THE BROTHERS Johnson of Philadelphia built a carriage with a bottle-shaped boiler, 8ft wooden rear driving wheels and much smaller front wheels. It worked well but “was sometimes altogether unmanageable” and caused considerable damage to local buildings.
MESSRS POCOCK and Viney attached kites to a light gig and rode in it from Bristol to London but they carried a pony on a platform at the rear “to make the carriage available when the wind did not serve”. They claimed to have regularly topped 20mph.
FRIEDRICH WÕHLER made aluminium by reacting potassium with anhydrous aluminium chloride.
HANCOCK PATENTED a steam boiler incorporating separate chambers of thin metal which could split rather than explode, a safety measure for operators and passengers alike.
THE WESTERN TIMES reported: “We were much gratified a day or two ago by witnessing a novel exhibition on the Hammersmith road of a large carriage propelled by a Gas Vacuum Engine, which rolled along with great ease, at the rate of seven miles per hour. There were several gentlemen in and upon it, who appeared quite satisfied of its power and safety. The public are indebted to Samuel Brown, Esq of Brompton, for this valuable discovery, who has been indefatigable in his exertions to bring it to its present state of perfection!’

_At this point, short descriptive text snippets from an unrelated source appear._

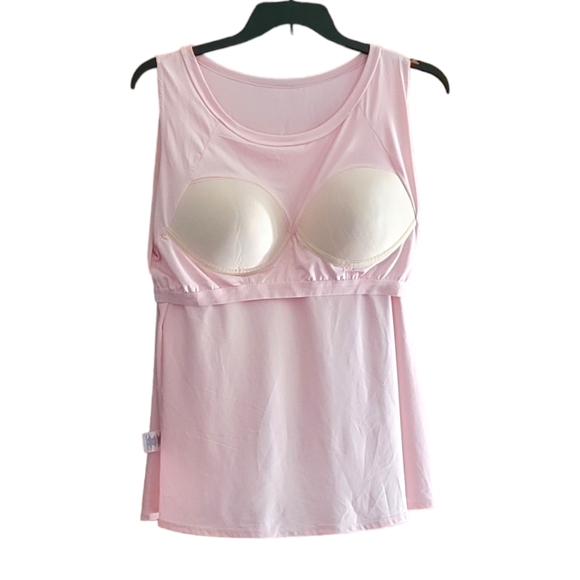 🌻 32° COOL - XXL Light Pink Sleeveless Blouse With Breast Support - Picture 4 of 8
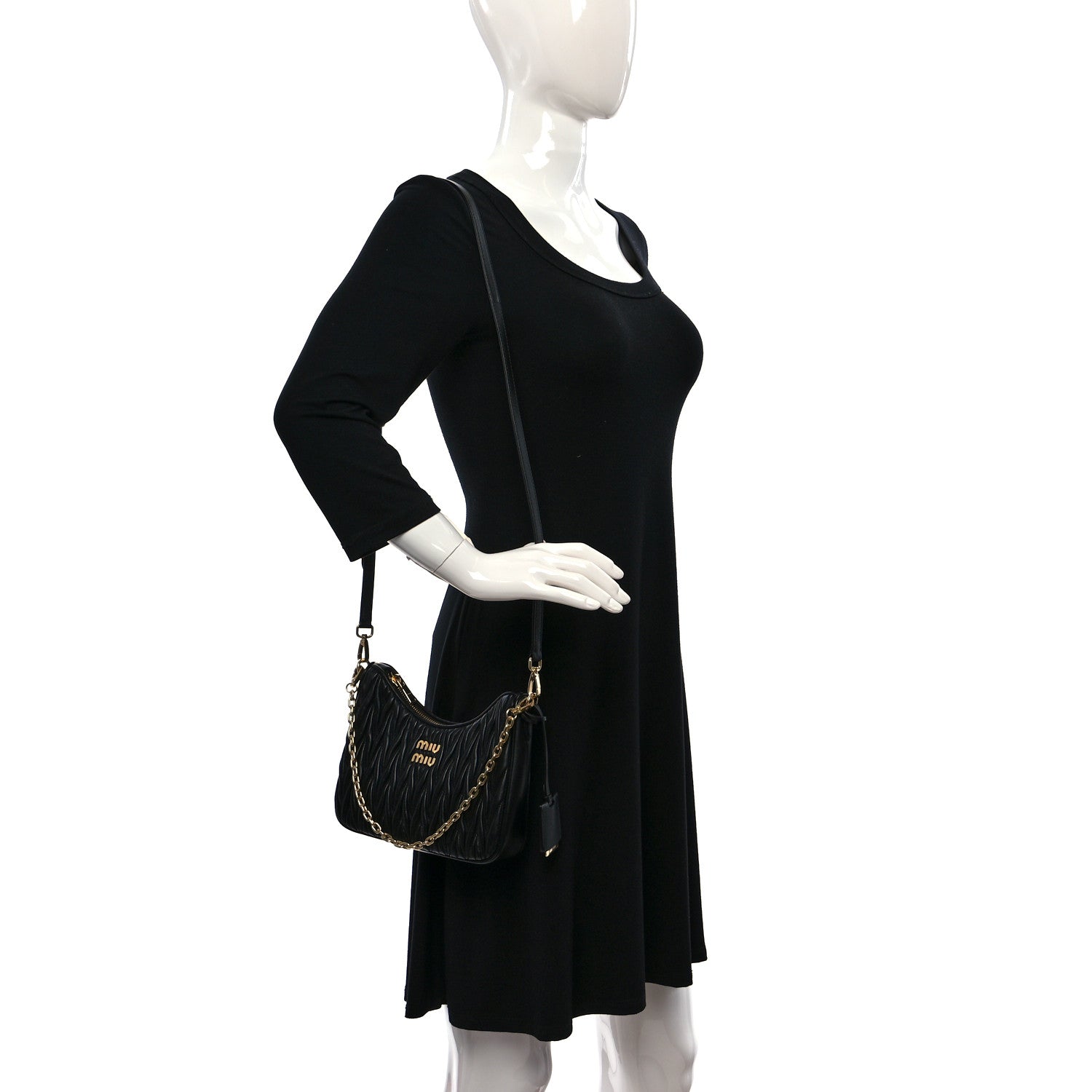 Miu Miu Nappa Matelasse Shoulder Bag Black 2 of 8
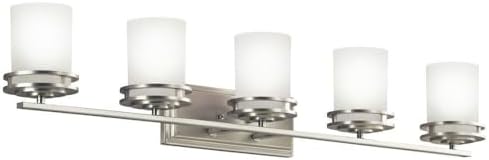 Kichler Hendrik 43" Vanity Light in Brushed Nickel, 5-Light Modern Bathroom Vanity with Satin Etched Cased Opal Glass, (43" W x 7.75" H), 5085NI-Ruum Studio Home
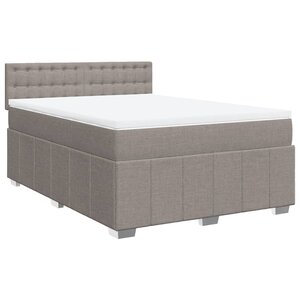vidaXL Sommier à lattes de lit avec matelas Taupe 160x200 cm Tissu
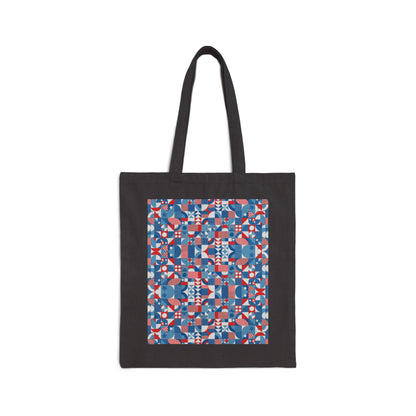 Red White and Blue Bold Pattern - Oil Paint Texture - Cotton Canvas Tote Bag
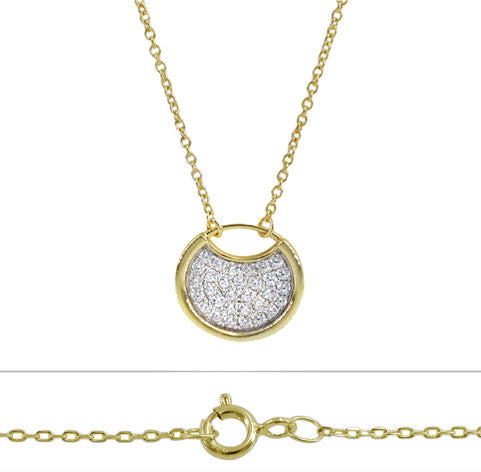 Sterling Silver Vermeil 15mm round charm necklace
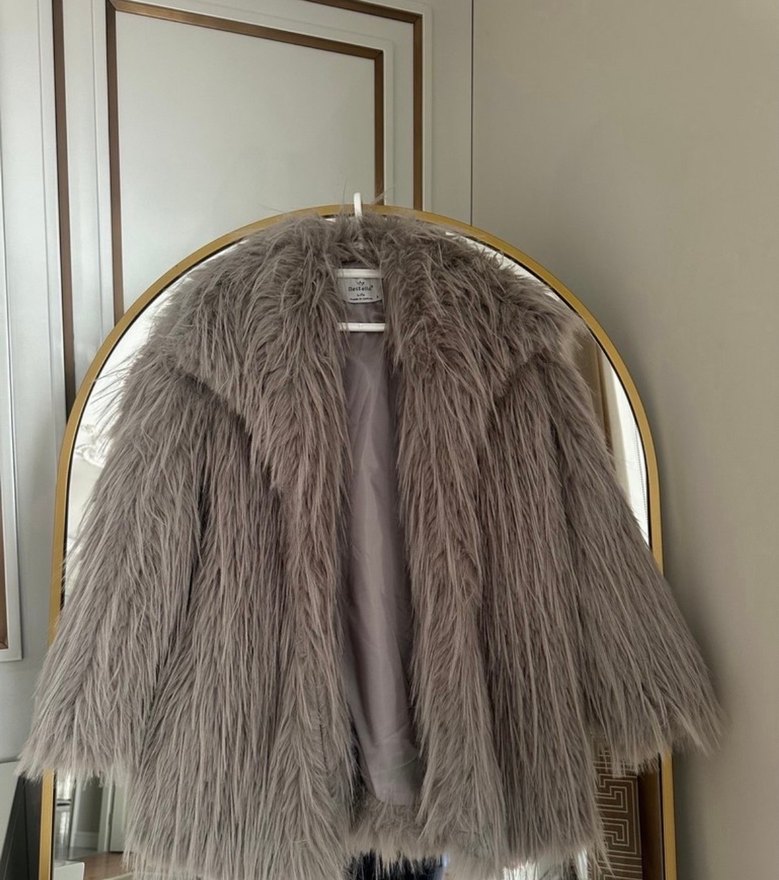 Gri Kadın Suni Kürk Midi Ceket - Görsel 2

IN FEBRUARY 1829 Gurney drove one of his steam carriages 212 miles from London to Bath and back at an average of 15mph. Gurney’s pioneering run was made at the request of the Quartermaster General of the army who clearly grasped the advantage of moving troops and equipment at high speed. Gurney boosted the power of his engines with a high-pressure steam jet. The ‘Gurney Jet’ was applied to Stephenson’s Rocket locomotive for the Rainhill Trials on the Liverpool and Manchester Railway in October 1829, and to steam carriages. Stevenson also claimed responsibility for Brandreth’s Cyclopede, powered by a horse on a conveyor belt, that competed at Rainhill but only managed 6mph.